Stored data entries:
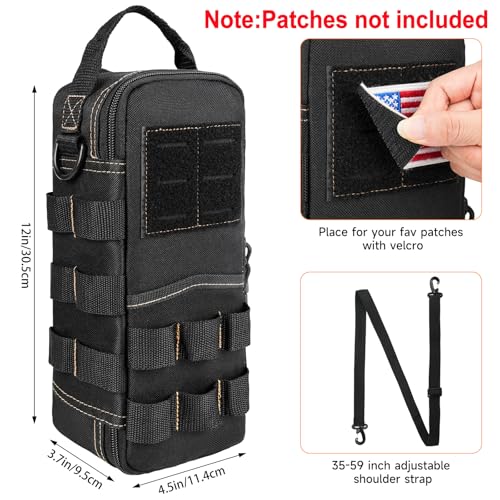 Heavy Duty Small Tool Bags for Men with Carabiner,Tactical Tool Pouch Bag,Portable Utility Tools Storage Organizer Case with Shoulder Strap for EDC,Motorcycle,Camping, Road Trip, Electricians,Black - color: Black
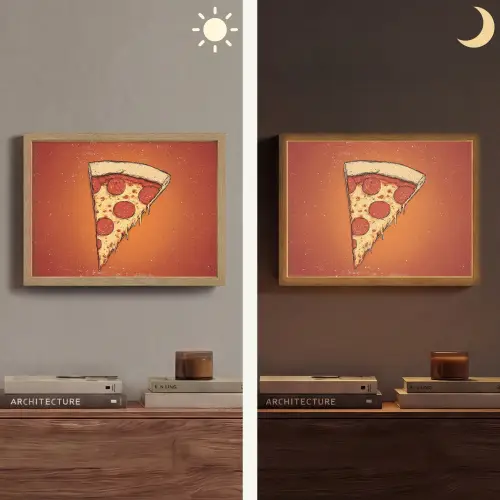 Pizza - Kaas - Rood - Pepperoni Light Box met batterij (Wandlamp) middel -sfeer3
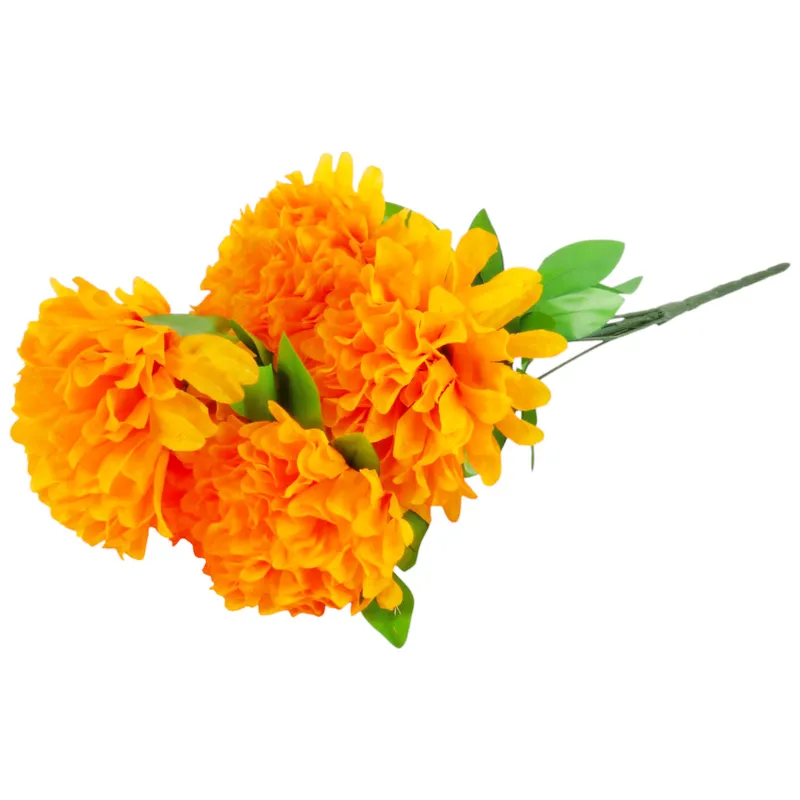 Bukiet 7 Dużych Chryzantem 60 cm Kolor - Pomarańczowy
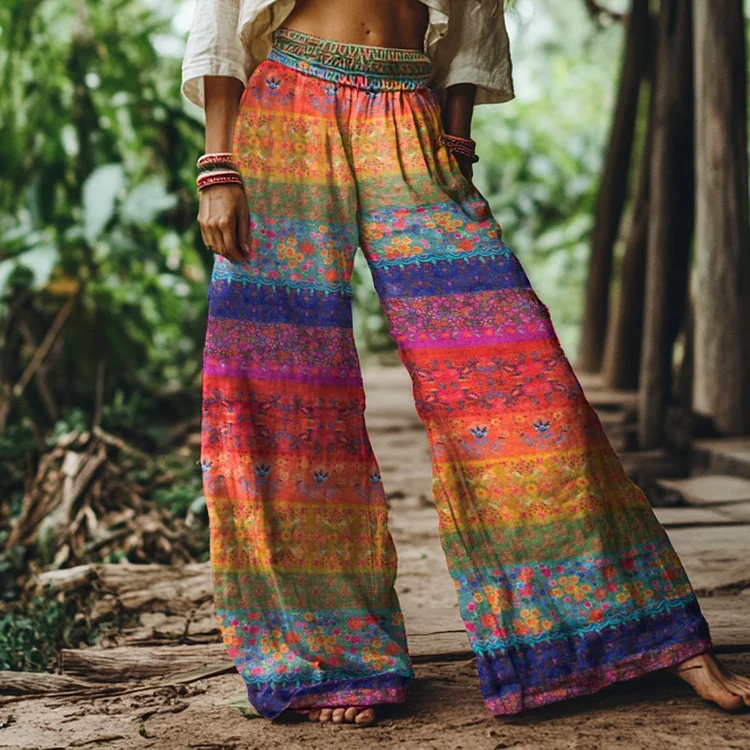 Vintage Bohemian Floral Print Loose Wide-leg Pants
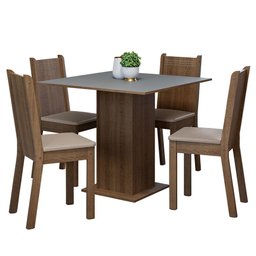 Conjunto Sala de Jantar Mesa Tampo de Madeira 4 Cadeiras Rustic/cinza/sintético Bege Samara Madesa - 2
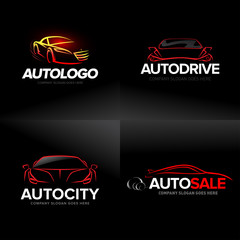 Car logo templates set, abstract car design concept, automotive car logo design template. Isolated vector illustration.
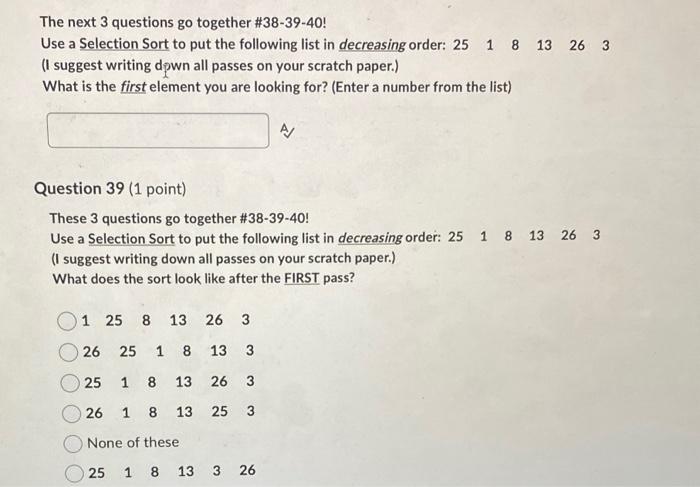 Solved The next 3 questions go together \#38-39-40! (I | Chegg.com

• [Task directions] Copy exactly the lines from the one containing "Vintage Bohemian Floral" to the end of the records, both included, and leave the pictures out.

• [Output of the task]
 Vintage Bohemian Floral Print Loose Wide-leg Pants
 Conjunto Sala de Jantar Mesa Tampo de Madeira 4 Cadeiras Rustic/cinza/sintético Bege Samara Madesa - 2
 Car logo templates set, abstract car design concept, automotive car logo design template. Isolated vector illustration.
 Solved The next 3 questions go together \#38-39-40! (I | Chegg.com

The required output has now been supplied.